Still further down Karadjordjeva street, at the foot of the Fortress, is a small tangle of railway tracks where a few streetcar lines turn around and go back into the city. This is where my grandfather Dragi drove the red streetcars of Belgrade his entire working life. I was four when he died so I must have met him, but I don't remember him. I know him only from a few black-and-white pictures, as a man wearing a spotless suit and a timid smile. The Belgrade of the 50s offered at least two prime entertainments to young lads such as my father and my uncle Bata: one was the raising of pigeons on the roofs of buildings which also involved training them to fly and come back, and a street amusment for the daring which involved streetcars, and which had its own special name, kesanje (most probably a portmanteau of "kacenje" - hooking, and "vesanje" - hanging). The point, as explained once by Uncle Bata, my father's older brother, was to run up behind a streetcar, and hang on to its back as long as possible before being detected by the ticket collector or the driver (which, theoretically, may have been his own father). The 50s were also the time when my grandfather left, and went to another woman. Grandmother divorced him and started smoking; my father and uncle grew up without their father but remained on good terms with him. The last few years of his life he spent in a psychiatric hospital, for an unidentified ailment. Not knowing much about grandfather Dragi, I always linked it to an unfortunate accident which happened to him one day at work: a woman suddenly threw herself in front of the streetcar and he ran over her. I never asked where exactly this happened, but perhaps it was just here, where the Fortress runs down to meet the River Sava, rolling by steadily towards the Danube around the corner.

* * * * 4


Turning right at the end of Karadjordjeva street, we move away from the river and drive along the south edge of the Fortress, passing through the hub of pedestrian activities at the tail end of the posh Knez Mihailova street. We leave behind us the cackle and chaos of the City Zoo placed inside one corner of the Fortress, and turn into Cara Dusana street. Here at the lower end of the street is the oldest standing house in Belgrade, number 10 , built in 1727 by an Austrian engineer and colonel. The real highlight of the street for me, however, is further up: Bajloni's Marketplace, one of many such open markets in the city. This one is at a pleasant walking-distance from the place where I worked briefly -- the Kolarac Foreign Language Institute: an old-fashioned, chalky language school, occupying part of a dignified old edifice not far from the Fortress, which is also the home of the Belgrade Philharmonic Orchestra. I remember the Market well because I used to go there every payday to get deliciously fresh honey from a health-food store there.
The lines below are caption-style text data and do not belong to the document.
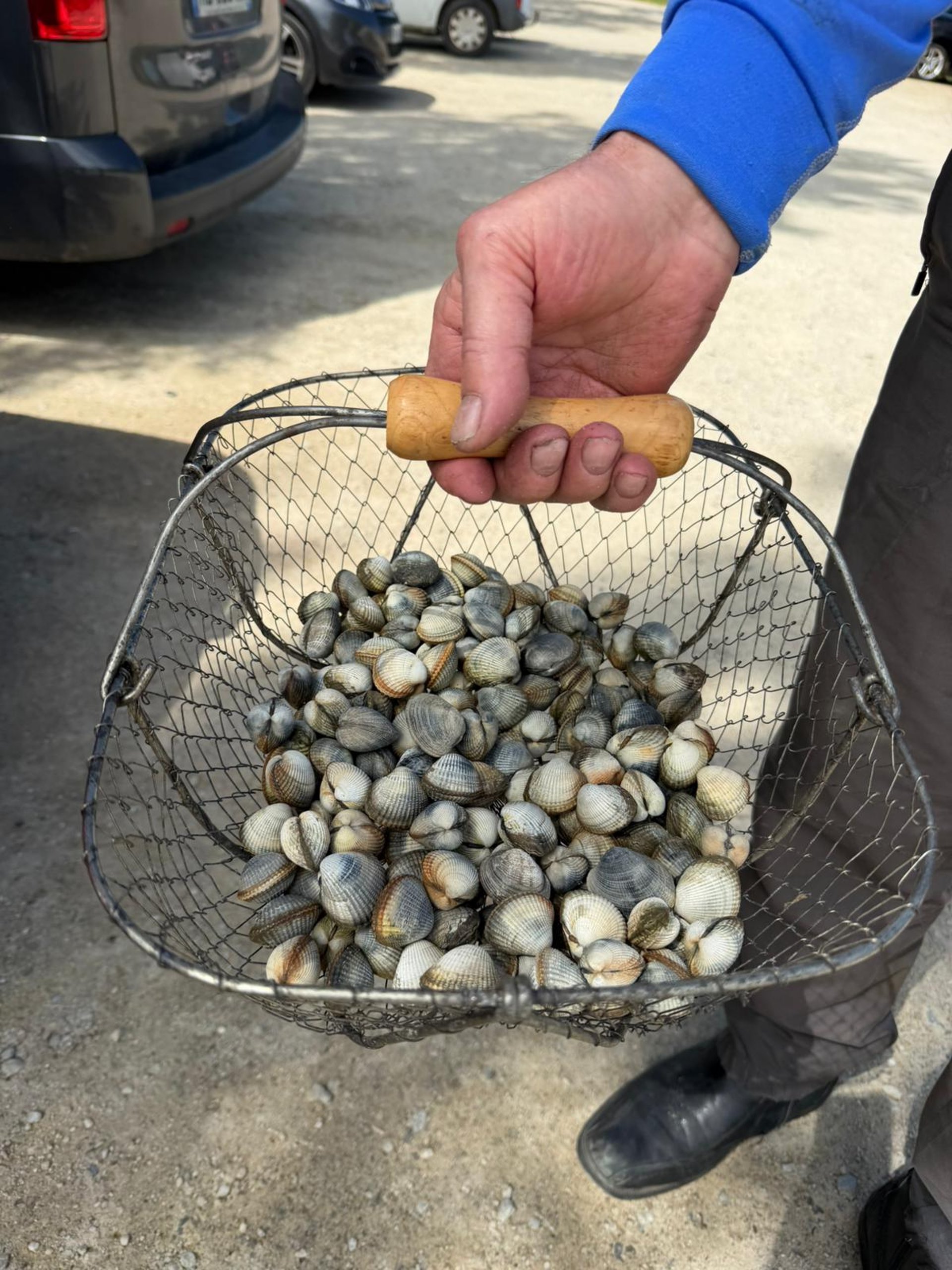 A basket filled with fresh clams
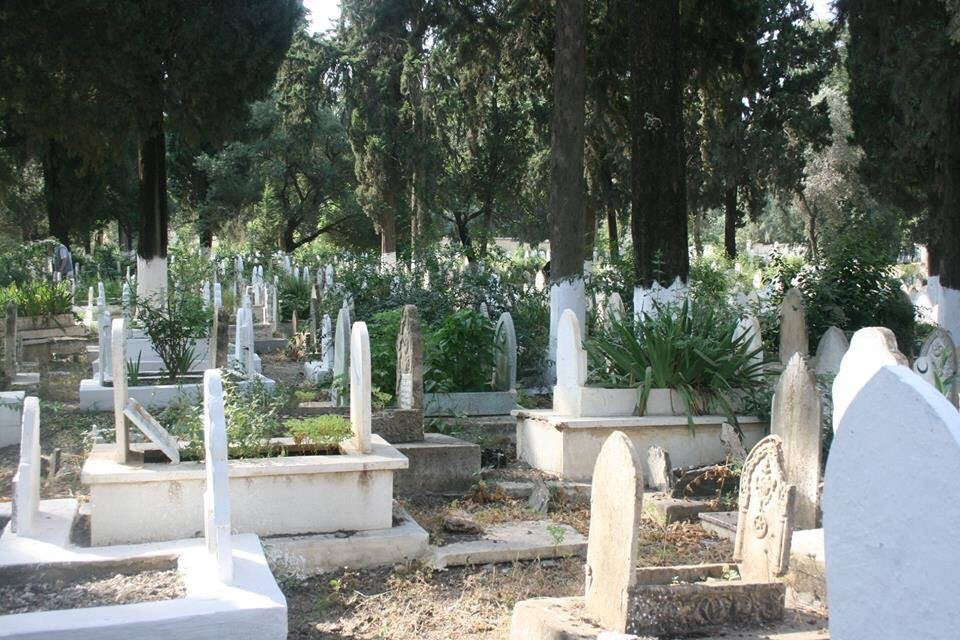 Sidi Halou Cemetery景点图片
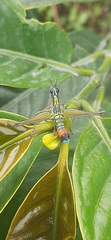 Paramastax duquei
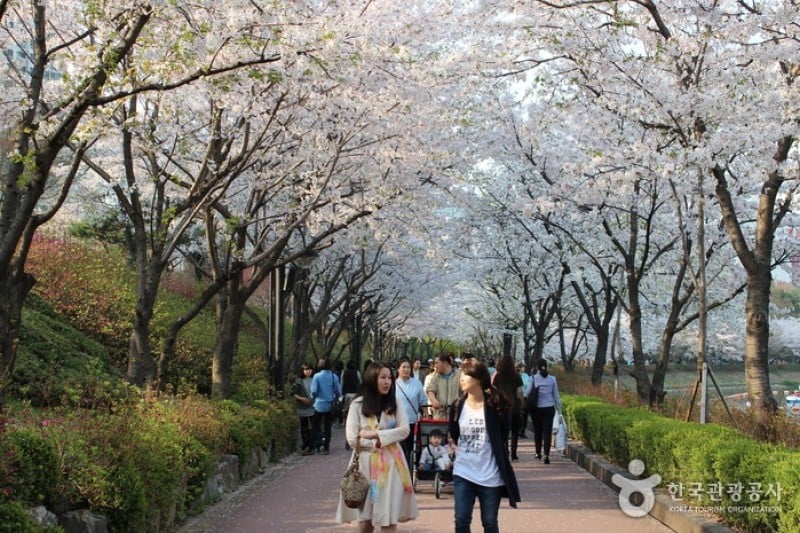 石村湖水桜祭り (6/8)
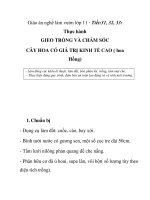 Giáo án nghề làm vườn lớp 11 - Tiết:31, 32, 33: Thực hành GIEO TRỒNG VÀ CHĂM SÓC CÂY HOA CÓ GIÁ TRỊ KINH TẾ CAO ( hoa Hồng) potx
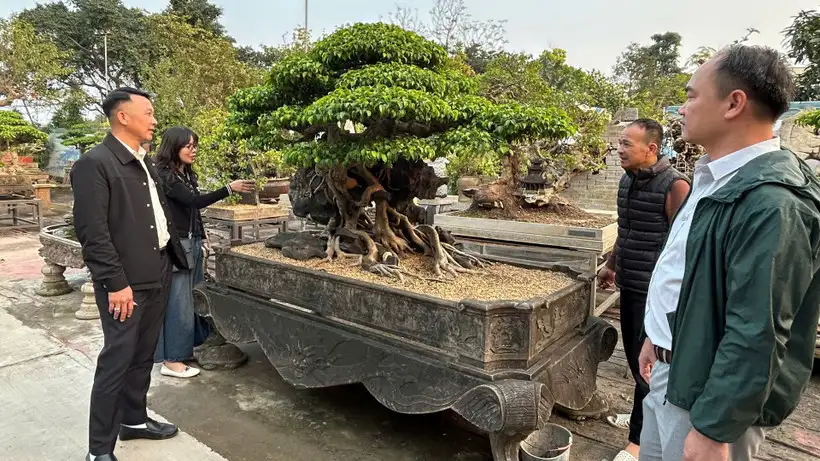 Hà Nội: Phát triển du lịch cộng đồng ven sông Hồng tại xã Hồng Vân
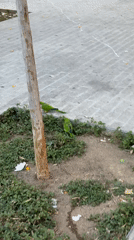 Monk Parakeets spotted foraging in Barcelona urban setting
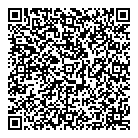 Nomis Digital QR Card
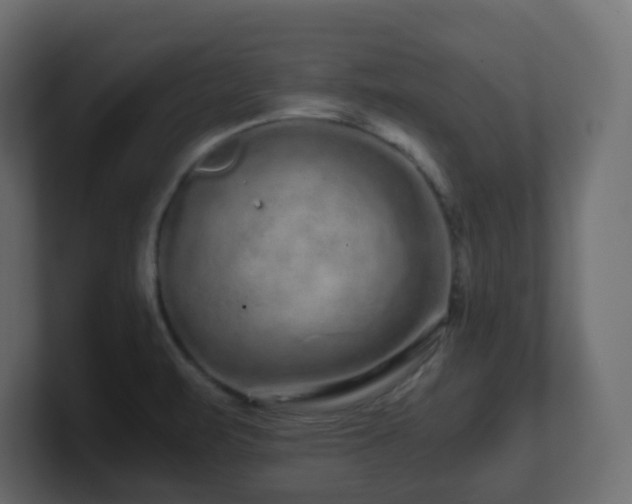 X0000101101471200806261502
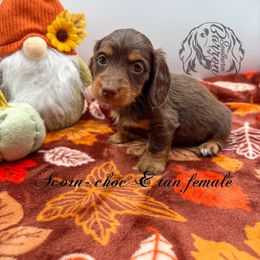 Acorn - Chocolate and tan female Dachshund puppy in Prairieville, Louisiana from Southern Barron Danes & Dachshunds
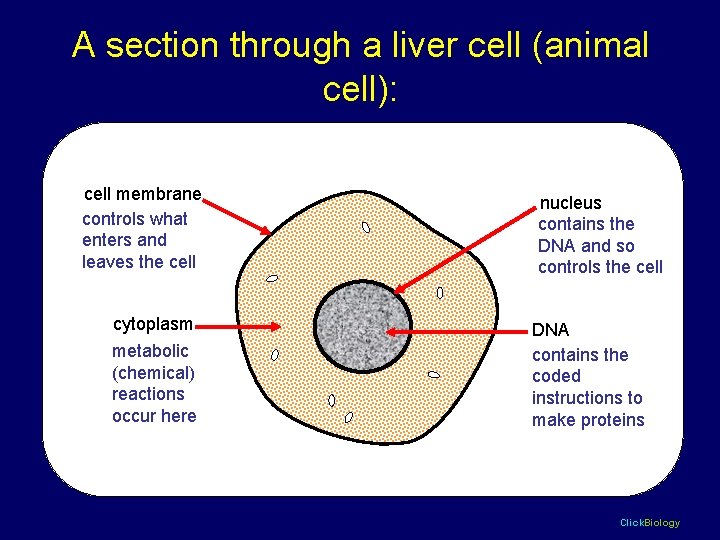 A section through a liver cell (animal cell): cell membrane controls what enters and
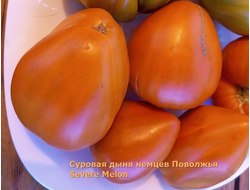 Томат Суровая Дыня немцев Поволжья (Severe Melon)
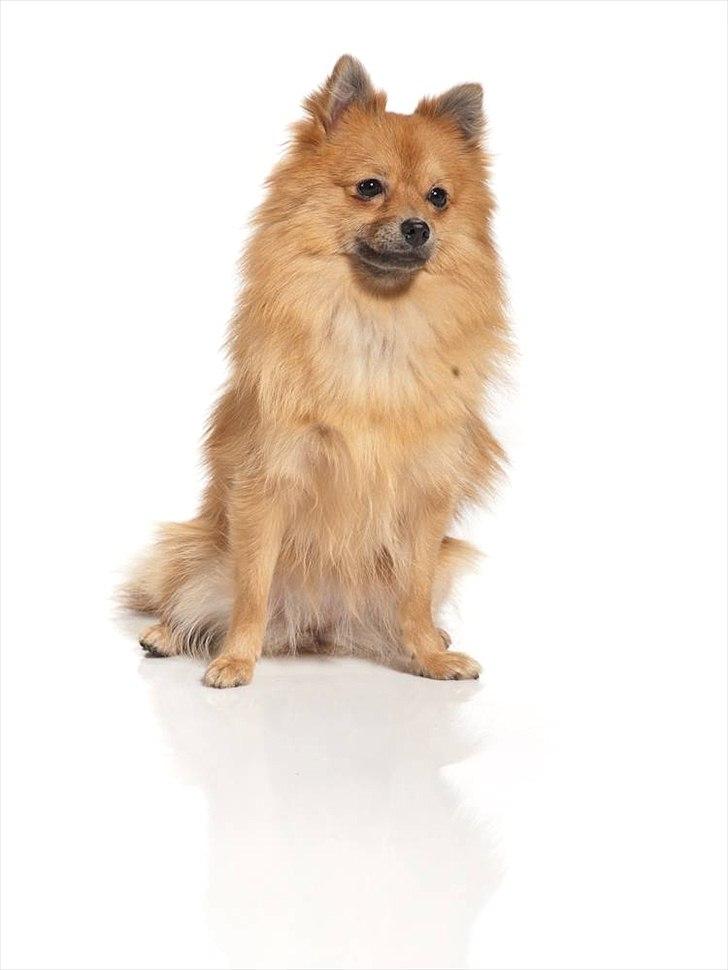 Pomeranian Nelli billede 5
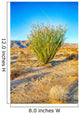 Blossoming Ocotillo Wall Decal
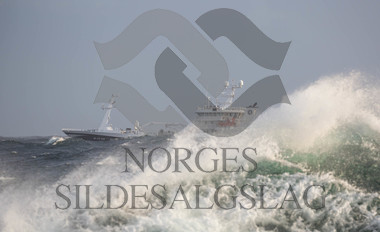 X Rogne på nordsjøsild 2018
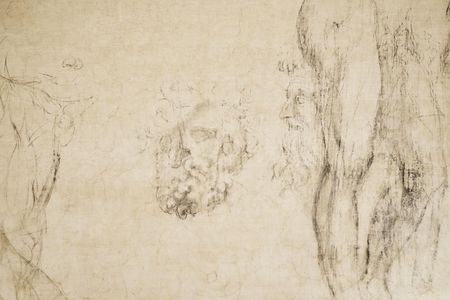 Michelangelo's secret room opens to the public, and more from around the world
Having money in your pocket after the meagre student years made even more meagre by the war, gave a bounce to your step and benevolence to your manner. I would walk leisurely from the Institute through the bustle of downtown to Skadarska street casting generous looks all around, and go down the stone pavement until I reached the Market; I'd wander between the stands for the sheer pleasure of feeling my "buying power" which I could exert at any moment; then I'd go to the health-food store and get the honey. One time, however, my small ritual was spoilt. In the store, I asked for two jars of honey, and before I could tell the shop assistant that I'd put them in my backpack, she'd already placed the jars in a plastic bag. I paid, walked out, and about three meters later, the cheap plastic tore, slipped out of my hand, and with an ominous deep thud the jars hit the concrete. The thick, transparent honey was invading the remains of the bag and then the concrete with a teasing finality. I watched, bent over this mini-disaster, for a few seconds, calculating quickly and realizing that my tight monthly budget wouldn't allow me to go back in and buy another two jars. I straightened up slowly, and left it all behind, not turning once. Sometimes you just have to walk away, a friend said once. I did, and soon forgot all about it in the casual lightness of a Belgrade afternoon.

* * * *

The band was Idoli, the year was 1985, and I wasn't there, but this is exactly what Belgrade feels like in the summer: stubbornly sunny, butterfly-light, and permanently in love.